In the 1980s, Cameron was working as a salesman selling printing supplies after graduating college. Thinking that was “not what my life is supposed to be about,” he enrolled in a night program at Northwestern University’s business school.

While there, he used some savings to invest in a real estate development: a new Wal-Mart “somewhere in Alabama or Arkansas.” It didn’t go well.

So, Cameron said, he started talking to his classmates at Northwestern.

“I didn’t understand exactly why I had invested or what was going wrong with it, so I was like, ‘I got to go figure this out,’” he recalls. “That is what piqued my interest in real estate.”

Building a career

Those conversations with classmates eventually landed Cameron a job working in the construction lending group at Continental Bank in Chicago. There he worked mostly with home builders in Southern California, which eventually led to his first trip to the state and a drive from San Diego to Newport Beach.

“Oh my gosh, this is amazing,” he recalled thinking. “You got the ocean on the left and the mountains on the right. I am going to move out here.”

Several years later he did, taking a job with one of his former home builder clients, Fieldstone. Cameron stayed there for 16 years, climbing the ranks and gaining an ownership stake.

As the housing market began to overheat in 2005, Cameron said, he and the company anticipated the downturn that was to come and tried to “sell as much as we could” and cash out. In late 2006, as the housing bubble was popping, Cameron left to strike out on his own.

Construction underway at Terramor.
(Allen J. Schaben / Los Angeles Times)

Becoming an entrepreneur

Starting a real estate company at that time might seem like an awful idea, but as a master developer, Foremost buys land, gets projects approved, then builds the streets and community centers and sells lots to individual home builders. With land prices plummeting, “it was the perfect time to start a company,” Cameron said.

Cameron said Foremost didn’t even buy anything for 15 months. “There was an expression: ‘Don’t catch a falling knife.’ Let the market bottom before you start buying.”

When he did buy, the market had completely shifted.

“We started going to the courthouse steps and buying large pieces of land at auctions, peeling off cashier’s checks,” he said. “That was pretty exciting.”

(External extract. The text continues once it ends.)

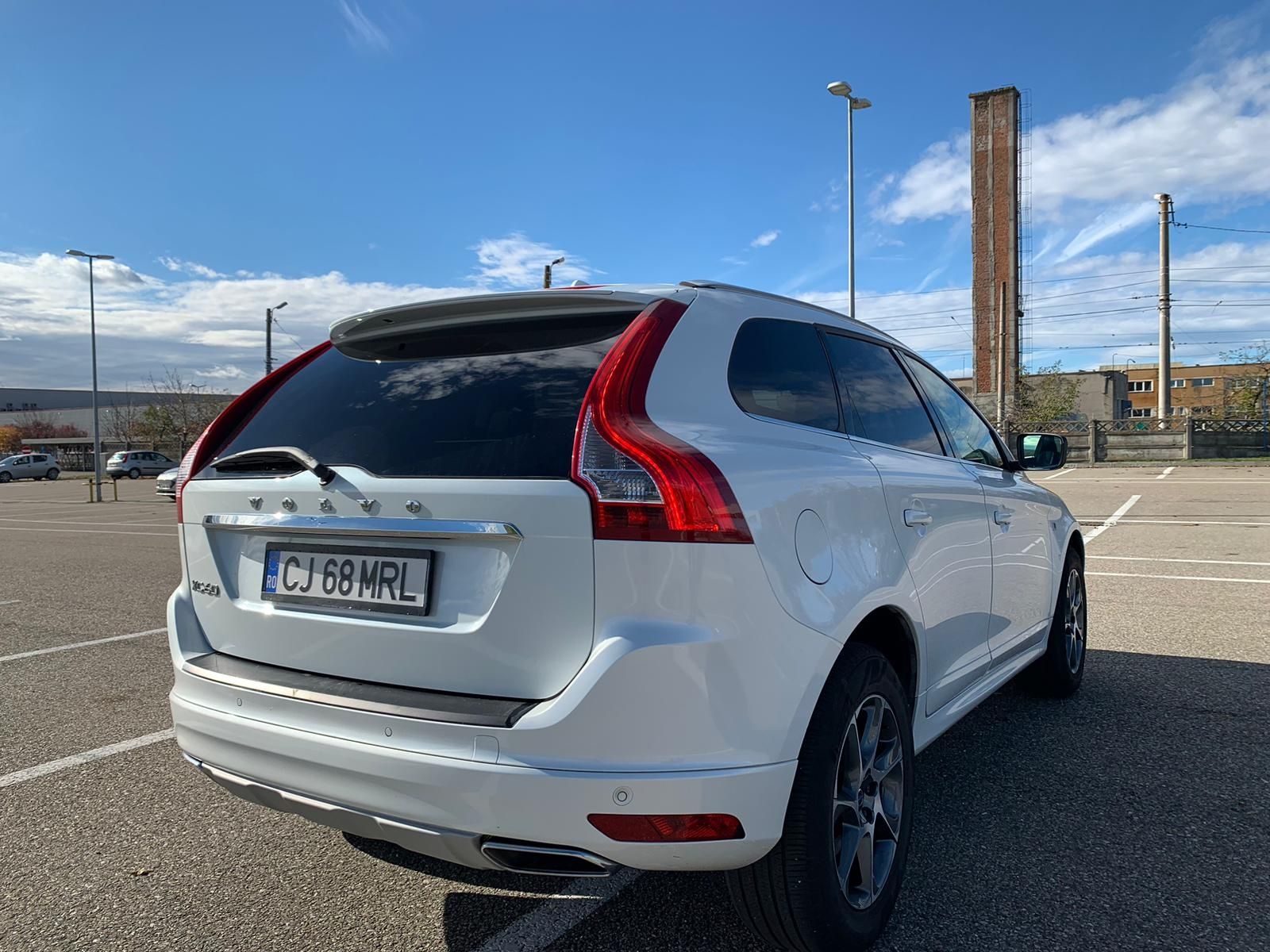 Vând Volvo XC 60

There was an expression: 'Don’t catch a falling knife.' Let the market bottom before you start buying.

— Steve Cameron

Tips for success

For people looking to start their own business, Cameron said finding a good mentor is key.

Also, be curious, take initiative and work hard. Cameron says he knows he’s found an excellent worker when, after he’s handed them an “inch-thick” copy of “Curtin's California Land Use and Planning Law,” they “actually read it and ask me questions.”

“They take responsibility for their career,” he said.

Hard work is something Cameron says learned from his father, an accountant, and his mother, who worked in education and went to school at night to get various degrees.

“That’s the environment I grew up in,” he said. “You were always working and going to school.”